The next wedding you attend, you can ask the person to the left how they know the bride. At your next meetup, ask the person a question about the subject matter. This is a great way to get better at small talk. It will not happen without practice.

“Small talk can lead to a host of outcomes, from a merely pleasant exchange to the signing of multimillion-dollar business deal.” Brett Nelson, Forbes 

Believe me, I have major panic when it comes to entering rooms full of people I don’t know and I find that it is hard to talk. But, even people waiting for an elevator can have a perfectly good conversation. Why not leverage that opportunity?

Small Talk 2.0

Enter social media. Specifically, Twitter. I think this is where most people meet others, though I could be wrong. For me, it’s where I’m open to conversations (small talk) with strangers. I could babble on incessantly about how much my life has been changed because of the people I met there, but it would be boring.

I will settle with a case in point. In a former job at a contractor, I had met a Commercial Real Estate broker in our County. I knew he and my boss would hit it off. After a few exchanges over a period of time I convinced them both to meet for lunch. At first, I was nervous. After all, this was my very first sales call — of sorts.

But when Allen walked in the restaurant it was all smiles and handshakes. The awkward small talk wasn’t awkward. It didn’t exist. Why? We did it online. We sat as friends because we were friends.

“Small talk is not wasted talk. It’s a social lubricant as essential as wine and laughter that allows strangers to make crucial first connections across demographic lines. And it’s far from meaningless.” Ruth Graham

Small Talk, The Sequel

Now, the next time you see someone you have a basis for continuing the friendship. You no longer need to talk about sports or weather — though you can. You can level up.

You can ask a question you’ve been dying to ask. You can tell them how you liked the blog post they wrote last week.

Small Talk Builds Trust

The value in small talk is this: it builds trust. I’m not going to tell you where I live, my first kiss, or my darkest secret right off the bat. Even though I’ve come across elitists who think small talk is mindless, I’m surprised at how many blog posts also say that.

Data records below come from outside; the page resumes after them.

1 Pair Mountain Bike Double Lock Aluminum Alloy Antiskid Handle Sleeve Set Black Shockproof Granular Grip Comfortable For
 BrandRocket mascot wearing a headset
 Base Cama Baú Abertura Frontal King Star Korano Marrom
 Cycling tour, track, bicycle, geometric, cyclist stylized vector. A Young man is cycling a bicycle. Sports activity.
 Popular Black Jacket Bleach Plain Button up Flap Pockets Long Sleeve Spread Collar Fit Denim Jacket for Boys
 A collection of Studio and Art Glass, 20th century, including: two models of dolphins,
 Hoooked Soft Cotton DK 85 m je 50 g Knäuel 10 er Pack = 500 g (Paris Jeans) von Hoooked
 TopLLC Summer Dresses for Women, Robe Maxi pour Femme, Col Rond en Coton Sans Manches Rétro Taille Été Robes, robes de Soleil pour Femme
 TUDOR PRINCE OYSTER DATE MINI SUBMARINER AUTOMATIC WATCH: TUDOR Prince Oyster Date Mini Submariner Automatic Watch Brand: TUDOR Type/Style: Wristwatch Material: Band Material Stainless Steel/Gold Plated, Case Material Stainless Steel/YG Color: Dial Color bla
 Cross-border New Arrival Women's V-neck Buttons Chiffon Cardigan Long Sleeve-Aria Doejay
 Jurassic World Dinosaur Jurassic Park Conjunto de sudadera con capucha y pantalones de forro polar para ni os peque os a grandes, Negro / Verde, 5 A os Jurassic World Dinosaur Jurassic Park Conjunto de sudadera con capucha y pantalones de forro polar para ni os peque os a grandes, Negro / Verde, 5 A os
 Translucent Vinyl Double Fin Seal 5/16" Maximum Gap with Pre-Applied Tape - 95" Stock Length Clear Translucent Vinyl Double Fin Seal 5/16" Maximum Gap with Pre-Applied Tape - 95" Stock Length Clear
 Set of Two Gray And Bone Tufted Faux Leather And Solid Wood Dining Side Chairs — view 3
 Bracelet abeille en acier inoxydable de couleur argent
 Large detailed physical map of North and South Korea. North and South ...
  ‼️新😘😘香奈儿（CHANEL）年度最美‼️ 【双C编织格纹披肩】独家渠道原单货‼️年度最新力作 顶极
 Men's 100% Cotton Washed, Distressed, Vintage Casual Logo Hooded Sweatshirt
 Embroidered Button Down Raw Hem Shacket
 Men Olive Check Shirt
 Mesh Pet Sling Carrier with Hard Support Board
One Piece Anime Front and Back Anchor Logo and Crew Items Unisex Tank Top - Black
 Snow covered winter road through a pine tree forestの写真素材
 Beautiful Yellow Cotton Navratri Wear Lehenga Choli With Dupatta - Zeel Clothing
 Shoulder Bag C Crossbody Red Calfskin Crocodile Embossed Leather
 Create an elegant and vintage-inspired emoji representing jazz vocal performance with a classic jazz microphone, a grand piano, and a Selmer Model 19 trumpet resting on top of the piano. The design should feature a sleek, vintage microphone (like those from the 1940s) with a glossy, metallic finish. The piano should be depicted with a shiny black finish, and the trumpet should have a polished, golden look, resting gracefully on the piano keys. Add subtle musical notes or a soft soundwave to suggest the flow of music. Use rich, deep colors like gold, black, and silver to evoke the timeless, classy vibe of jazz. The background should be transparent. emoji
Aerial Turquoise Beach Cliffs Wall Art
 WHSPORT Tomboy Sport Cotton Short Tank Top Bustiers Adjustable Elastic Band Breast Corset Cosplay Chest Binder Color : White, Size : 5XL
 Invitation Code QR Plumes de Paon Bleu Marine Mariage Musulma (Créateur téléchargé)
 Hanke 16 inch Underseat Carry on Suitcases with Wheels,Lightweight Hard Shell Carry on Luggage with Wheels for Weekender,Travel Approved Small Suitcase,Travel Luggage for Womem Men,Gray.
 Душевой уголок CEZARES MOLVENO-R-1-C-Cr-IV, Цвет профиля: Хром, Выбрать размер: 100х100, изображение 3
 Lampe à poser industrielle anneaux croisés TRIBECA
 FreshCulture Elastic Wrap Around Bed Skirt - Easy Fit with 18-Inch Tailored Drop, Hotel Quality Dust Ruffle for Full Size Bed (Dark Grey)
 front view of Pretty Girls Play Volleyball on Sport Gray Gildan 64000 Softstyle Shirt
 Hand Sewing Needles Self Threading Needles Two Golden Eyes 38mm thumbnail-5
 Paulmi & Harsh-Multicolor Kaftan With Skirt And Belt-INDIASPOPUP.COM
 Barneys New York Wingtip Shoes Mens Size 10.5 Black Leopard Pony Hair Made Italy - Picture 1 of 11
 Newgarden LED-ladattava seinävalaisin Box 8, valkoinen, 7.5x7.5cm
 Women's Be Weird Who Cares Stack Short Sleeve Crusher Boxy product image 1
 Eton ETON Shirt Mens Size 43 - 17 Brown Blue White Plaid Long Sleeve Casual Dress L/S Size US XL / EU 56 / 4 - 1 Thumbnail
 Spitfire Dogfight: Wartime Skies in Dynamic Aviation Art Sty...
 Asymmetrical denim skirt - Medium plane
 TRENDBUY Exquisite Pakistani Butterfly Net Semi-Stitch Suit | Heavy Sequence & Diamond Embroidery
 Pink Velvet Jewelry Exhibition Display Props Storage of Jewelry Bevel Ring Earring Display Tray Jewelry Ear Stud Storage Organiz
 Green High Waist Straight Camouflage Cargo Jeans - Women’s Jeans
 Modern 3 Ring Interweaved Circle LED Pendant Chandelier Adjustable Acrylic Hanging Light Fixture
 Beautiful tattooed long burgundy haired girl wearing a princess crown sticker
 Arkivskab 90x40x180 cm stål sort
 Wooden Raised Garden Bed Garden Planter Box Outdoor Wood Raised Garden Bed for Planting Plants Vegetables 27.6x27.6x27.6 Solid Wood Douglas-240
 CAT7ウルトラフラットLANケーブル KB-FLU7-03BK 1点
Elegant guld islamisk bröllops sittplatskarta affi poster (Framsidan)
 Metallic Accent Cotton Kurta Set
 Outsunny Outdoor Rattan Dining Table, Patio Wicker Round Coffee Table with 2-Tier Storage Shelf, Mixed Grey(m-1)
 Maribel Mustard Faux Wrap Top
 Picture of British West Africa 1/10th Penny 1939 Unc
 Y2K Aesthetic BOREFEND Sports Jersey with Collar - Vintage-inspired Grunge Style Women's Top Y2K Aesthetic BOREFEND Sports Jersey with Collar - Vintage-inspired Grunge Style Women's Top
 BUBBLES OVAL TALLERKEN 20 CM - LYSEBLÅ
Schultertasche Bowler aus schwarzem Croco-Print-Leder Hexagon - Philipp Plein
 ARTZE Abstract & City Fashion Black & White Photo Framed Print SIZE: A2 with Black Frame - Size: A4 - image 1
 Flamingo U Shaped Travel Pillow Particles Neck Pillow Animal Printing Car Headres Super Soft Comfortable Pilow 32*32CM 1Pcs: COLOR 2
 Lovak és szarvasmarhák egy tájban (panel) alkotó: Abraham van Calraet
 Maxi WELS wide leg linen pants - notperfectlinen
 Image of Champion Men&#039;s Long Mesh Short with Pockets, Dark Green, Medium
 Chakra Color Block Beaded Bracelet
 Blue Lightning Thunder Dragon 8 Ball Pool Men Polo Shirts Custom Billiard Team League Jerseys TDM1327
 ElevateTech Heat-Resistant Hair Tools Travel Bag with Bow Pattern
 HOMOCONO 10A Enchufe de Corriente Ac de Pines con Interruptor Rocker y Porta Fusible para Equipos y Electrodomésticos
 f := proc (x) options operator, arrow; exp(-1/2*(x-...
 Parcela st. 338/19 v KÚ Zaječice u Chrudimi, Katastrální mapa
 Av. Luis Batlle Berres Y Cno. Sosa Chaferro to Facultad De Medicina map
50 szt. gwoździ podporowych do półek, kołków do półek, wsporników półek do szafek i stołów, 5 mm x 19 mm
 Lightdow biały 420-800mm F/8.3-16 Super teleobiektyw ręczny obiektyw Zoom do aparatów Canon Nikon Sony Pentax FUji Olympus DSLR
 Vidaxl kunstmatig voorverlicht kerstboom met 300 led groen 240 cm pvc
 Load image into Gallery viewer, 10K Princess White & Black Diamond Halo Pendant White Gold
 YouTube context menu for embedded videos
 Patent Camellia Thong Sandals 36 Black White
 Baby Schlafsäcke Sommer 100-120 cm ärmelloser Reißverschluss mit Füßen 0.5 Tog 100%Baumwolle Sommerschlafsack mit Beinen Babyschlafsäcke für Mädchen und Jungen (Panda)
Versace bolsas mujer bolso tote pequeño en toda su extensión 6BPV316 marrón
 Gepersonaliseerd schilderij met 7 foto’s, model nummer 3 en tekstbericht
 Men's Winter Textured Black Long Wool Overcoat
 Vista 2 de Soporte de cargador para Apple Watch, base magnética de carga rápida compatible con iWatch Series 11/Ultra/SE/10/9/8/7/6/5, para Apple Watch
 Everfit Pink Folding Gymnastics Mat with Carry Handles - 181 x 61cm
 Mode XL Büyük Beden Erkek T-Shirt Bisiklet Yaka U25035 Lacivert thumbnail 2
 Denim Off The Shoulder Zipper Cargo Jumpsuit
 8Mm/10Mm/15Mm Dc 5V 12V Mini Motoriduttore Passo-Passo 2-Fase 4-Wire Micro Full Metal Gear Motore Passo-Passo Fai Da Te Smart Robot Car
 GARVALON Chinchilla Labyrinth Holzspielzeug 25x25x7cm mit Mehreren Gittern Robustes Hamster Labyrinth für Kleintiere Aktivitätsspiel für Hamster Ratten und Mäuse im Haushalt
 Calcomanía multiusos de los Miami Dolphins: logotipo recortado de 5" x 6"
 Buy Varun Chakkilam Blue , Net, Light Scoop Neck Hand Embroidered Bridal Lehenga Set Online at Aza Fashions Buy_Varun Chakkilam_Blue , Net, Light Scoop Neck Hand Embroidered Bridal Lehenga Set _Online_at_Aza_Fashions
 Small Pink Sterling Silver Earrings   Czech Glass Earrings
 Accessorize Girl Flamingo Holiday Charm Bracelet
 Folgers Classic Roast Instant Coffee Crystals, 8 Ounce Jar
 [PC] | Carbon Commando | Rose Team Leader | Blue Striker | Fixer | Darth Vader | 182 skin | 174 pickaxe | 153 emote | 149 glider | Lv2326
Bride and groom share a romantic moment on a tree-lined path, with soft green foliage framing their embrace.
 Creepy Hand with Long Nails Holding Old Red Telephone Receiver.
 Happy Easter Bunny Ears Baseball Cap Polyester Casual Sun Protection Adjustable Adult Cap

I even read one in the NYTimes about a “no small talk rule” when dating. Seriously? I wonder how that’s working out for you, pal. Or would that be small talk to ask?

The point is this. Humans are social. We create relationships by communicating. This includes body language, tone, inflection, micro-gestures, laughter, tears, expressions, and, yes, small talk.

If you want people to like you, be likable. There is no way around that.

Or, just enjoy your dinner for one in the corner. Alone.